We could not be sure if NS came to play or just wanted a kick around. There was nothing on the line for them and they acted all casual but in a pre-match chat with one of their chaps I realized that they were bluffing ... they came to play and they had plenty of skilled players and a very good keeper ... this was not going to be a stroll in the park. We had the numbers but one of our soldiers was looking a bit peaky ... young Rob the bed wetter had been probed in the hooby wotty just a few hours earlier. The narcotics were still in his system but he was gonna play no matter what. Rob the beast, chased down everything in his usual style but with a bit more mustard. We pressed them hard for the whole first half but could not break them down. We pressed them harder in the second half and finally got our noses in front. Hedge crossed one into the box and Blanchy nodded it into the back of the old onion bag with about ten minutes left on the clock. We thought that the job was done but they got a disputable free kick outside the box, the ball was launched into the box and hit the underside of the bar and squirted out to some lucky bastard who simply toe poked it into the back of our net. It was a freaky goal that they did not deserve. There were five minutes left to play and we threw everything at them but could not break the deadlock. Oy gevalt ... we missed our opportunity to take top spot.

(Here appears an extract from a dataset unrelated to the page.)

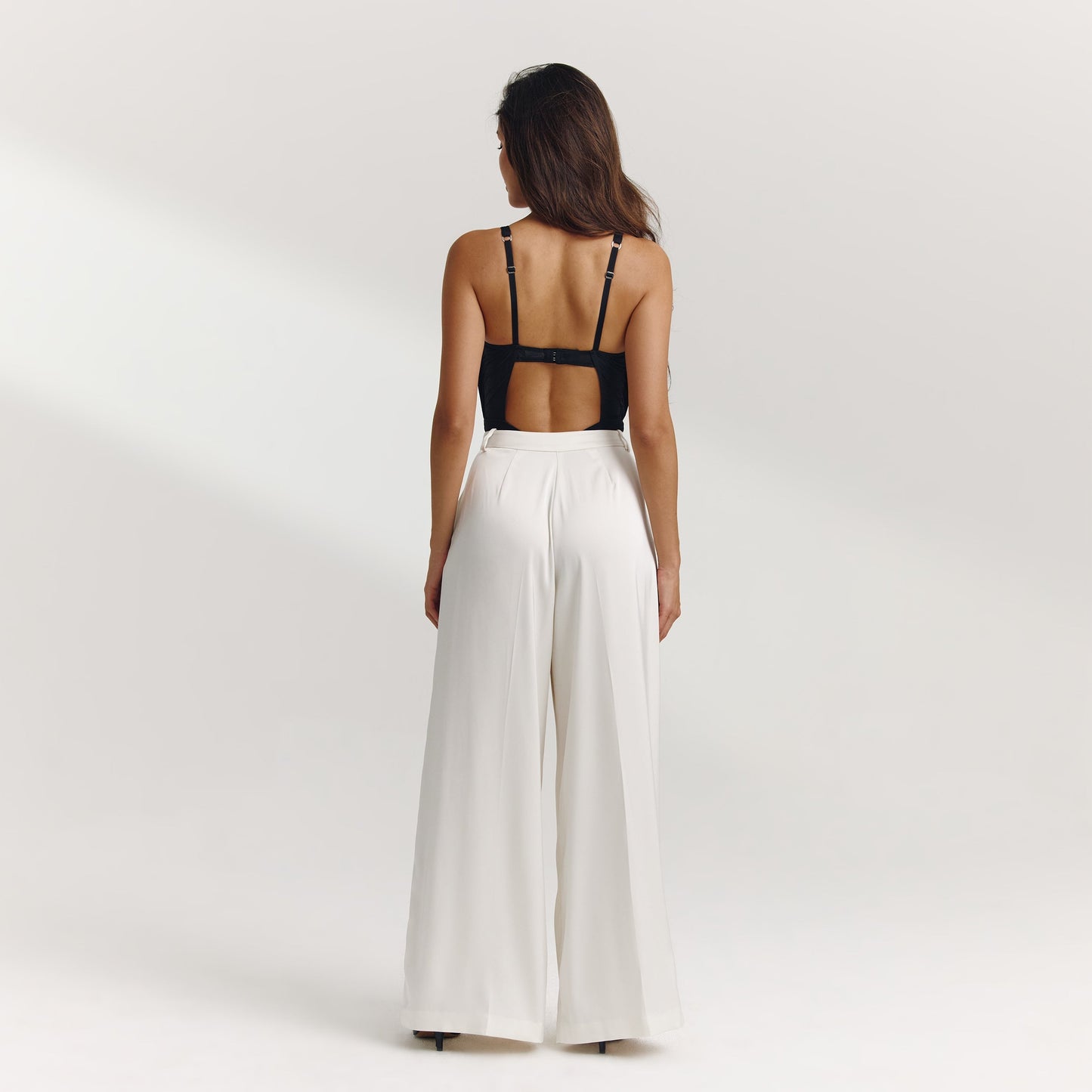 Pleated Mesh Bodysuit - Black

We retired to the rubber for a few tumbles and lamented the tie which meant that we finished second to Marblehead and would have to go to Concord and play our bogey team on their turf pitch that was the size of a polo field ... or so we thought. We woke to the flurry of emails on Thursday morning that confirmed that were were champions of division one north by virtue of the nth tie breaker rule ... penis size!!!! Our willies were just a bit bigger than the Marblehead tadgers so we got the top spot. As the crowned champions of division one north we would now host GPS on our fortress grass pitch on Sunday morning. One minor side/foot note is that half of our team is going to be away in Nashville to watch the Pats ... don't even get me started on that one!